■ Material for this task
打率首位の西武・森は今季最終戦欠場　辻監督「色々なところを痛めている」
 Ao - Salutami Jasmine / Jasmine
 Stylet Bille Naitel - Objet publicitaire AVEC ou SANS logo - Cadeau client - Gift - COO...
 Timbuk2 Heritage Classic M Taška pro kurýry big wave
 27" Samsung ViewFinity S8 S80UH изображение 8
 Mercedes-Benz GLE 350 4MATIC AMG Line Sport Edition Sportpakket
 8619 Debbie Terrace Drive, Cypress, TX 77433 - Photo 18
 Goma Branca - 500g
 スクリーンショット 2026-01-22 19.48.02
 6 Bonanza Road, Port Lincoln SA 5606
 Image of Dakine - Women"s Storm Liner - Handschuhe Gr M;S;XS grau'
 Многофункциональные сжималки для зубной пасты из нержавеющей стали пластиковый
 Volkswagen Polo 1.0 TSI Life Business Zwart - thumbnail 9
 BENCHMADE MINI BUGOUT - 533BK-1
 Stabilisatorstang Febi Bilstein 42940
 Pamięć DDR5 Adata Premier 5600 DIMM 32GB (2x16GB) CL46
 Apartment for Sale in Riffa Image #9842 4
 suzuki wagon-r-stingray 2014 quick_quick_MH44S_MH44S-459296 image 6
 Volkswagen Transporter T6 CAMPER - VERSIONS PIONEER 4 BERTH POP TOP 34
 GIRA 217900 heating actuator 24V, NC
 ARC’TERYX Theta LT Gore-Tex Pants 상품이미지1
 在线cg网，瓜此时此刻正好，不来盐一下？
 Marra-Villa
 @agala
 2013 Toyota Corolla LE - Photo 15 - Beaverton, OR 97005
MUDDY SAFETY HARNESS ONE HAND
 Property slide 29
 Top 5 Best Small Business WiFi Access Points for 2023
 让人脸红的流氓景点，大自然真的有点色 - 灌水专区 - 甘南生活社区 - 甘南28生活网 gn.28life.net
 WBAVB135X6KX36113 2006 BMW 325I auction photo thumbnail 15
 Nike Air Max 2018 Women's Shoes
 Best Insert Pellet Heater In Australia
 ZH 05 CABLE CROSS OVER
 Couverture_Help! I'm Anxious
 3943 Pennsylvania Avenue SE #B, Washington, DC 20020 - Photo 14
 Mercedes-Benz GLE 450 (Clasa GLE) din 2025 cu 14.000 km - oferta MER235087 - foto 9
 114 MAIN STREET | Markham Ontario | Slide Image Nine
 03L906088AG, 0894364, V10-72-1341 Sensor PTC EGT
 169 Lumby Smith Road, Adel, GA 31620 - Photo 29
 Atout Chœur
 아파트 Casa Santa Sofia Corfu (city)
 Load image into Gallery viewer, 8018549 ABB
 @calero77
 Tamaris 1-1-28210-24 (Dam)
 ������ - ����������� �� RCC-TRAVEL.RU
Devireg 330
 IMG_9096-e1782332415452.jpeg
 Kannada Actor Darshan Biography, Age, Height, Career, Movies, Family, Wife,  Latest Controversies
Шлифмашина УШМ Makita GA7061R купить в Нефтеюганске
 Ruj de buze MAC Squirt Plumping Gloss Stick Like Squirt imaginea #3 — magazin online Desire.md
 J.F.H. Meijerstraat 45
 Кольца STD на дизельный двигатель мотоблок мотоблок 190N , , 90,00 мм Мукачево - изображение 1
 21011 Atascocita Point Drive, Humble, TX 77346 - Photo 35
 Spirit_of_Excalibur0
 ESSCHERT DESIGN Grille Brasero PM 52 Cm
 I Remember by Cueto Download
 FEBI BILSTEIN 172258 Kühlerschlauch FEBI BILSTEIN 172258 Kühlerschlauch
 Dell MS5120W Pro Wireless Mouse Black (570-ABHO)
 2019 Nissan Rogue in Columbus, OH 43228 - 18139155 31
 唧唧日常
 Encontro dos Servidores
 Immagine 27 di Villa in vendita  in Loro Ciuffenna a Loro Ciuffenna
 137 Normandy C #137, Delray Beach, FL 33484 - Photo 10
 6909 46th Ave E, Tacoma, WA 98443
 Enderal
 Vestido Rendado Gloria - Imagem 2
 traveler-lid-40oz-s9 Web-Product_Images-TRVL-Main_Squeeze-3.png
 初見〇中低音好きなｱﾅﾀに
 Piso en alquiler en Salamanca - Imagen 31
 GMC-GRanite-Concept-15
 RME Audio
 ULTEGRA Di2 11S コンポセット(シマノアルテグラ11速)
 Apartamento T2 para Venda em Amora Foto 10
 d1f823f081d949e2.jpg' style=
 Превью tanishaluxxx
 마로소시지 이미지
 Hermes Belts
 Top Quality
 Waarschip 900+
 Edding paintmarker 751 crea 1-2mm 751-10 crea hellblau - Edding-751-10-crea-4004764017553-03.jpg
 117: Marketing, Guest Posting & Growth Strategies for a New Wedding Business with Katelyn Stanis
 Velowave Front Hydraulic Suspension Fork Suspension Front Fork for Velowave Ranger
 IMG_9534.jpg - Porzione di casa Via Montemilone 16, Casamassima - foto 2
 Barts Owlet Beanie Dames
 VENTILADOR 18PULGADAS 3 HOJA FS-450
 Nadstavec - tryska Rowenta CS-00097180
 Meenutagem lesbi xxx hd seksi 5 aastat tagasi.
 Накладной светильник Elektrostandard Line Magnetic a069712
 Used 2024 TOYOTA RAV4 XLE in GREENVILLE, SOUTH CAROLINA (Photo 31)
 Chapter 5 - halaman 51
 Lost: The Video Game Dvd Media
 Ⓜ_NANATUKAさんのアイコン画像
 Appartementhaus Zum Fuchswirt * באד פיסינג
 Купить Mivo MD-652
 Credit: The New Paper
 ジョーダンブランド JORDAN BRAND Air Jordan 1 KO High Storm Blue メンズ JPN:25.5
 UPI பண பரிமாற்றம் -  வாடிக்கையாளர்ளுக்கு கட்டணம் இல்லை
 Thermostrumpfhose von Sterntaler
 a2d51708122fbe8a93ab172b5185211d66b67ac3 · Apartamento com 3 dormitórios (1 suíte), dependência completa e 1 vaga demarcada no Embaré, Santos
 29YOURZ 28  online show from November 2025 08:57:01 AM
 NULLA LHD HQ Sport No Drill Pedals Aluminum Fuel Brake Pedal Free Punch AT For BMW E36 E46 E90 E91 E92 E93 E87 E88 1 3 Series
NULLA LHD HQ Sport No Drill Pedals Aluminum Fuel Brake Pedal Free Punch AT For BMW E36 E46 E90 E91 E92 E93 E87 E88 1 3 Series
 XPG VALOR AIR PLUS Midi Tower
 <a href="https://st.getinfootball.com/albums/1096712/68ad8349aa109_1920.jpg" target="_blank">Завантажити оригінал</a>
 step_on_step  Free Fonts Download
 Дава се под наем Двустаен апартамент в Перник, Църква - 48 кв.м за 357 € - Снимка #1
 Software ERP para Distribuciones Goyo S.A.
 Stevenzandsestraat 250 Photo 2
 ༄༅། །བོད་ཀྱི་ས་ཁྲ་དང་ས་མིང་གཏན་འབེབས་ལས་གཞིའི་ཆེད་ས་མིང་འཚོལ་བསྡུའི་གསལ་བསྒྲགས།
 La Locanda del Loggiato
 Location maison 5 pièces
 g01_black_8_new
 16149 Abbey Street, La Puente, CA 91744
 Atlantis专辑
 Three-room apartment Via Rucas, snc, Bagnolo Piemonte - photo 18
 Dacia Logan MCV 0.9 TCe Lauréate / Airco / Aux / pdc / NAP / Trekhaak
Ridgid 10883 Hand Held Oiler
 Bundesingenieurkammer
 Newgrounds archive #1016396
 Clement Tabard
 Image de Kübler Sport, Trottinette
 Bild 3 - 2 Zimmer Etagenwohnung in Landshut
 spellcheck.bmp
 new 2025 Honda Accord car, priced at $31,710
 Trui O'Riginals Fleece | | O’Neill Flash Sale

■ What you have to do
Return only the part of the records above that opens with the line containing "Edding paintmarker 751" and closes with the line containing "Накладной светильник Elektrostandard", ends included.

■ Your solution
 Edding paintmarker 751 crea 1-2mm 751-10 crea hellblau - Edding-751-10-crea-4004764017553-03.jpg
 117: Marketing, Guest Posting & Growth Strategies for a New Wedding Business with Katelyn Stanis
 Velowave Front Hydraulic Suspension Fork Suspension Front Fork for Velowave Ranger
 IMG_9534.jpg - Porzione di casa Via Montemilone 16, Casamassima - foto 2
 Barts Owlet Beanie Dames
 VENTILADOR 18PULGADAS 3 HOJA FS-450
 Nadstavec - tryska Rowenta CS-00097180
 Meenutagem lesbi xxx hd seksi 5 aastat tagasi.
 Накладной светильник Elektrostandard Line Magnetic a069712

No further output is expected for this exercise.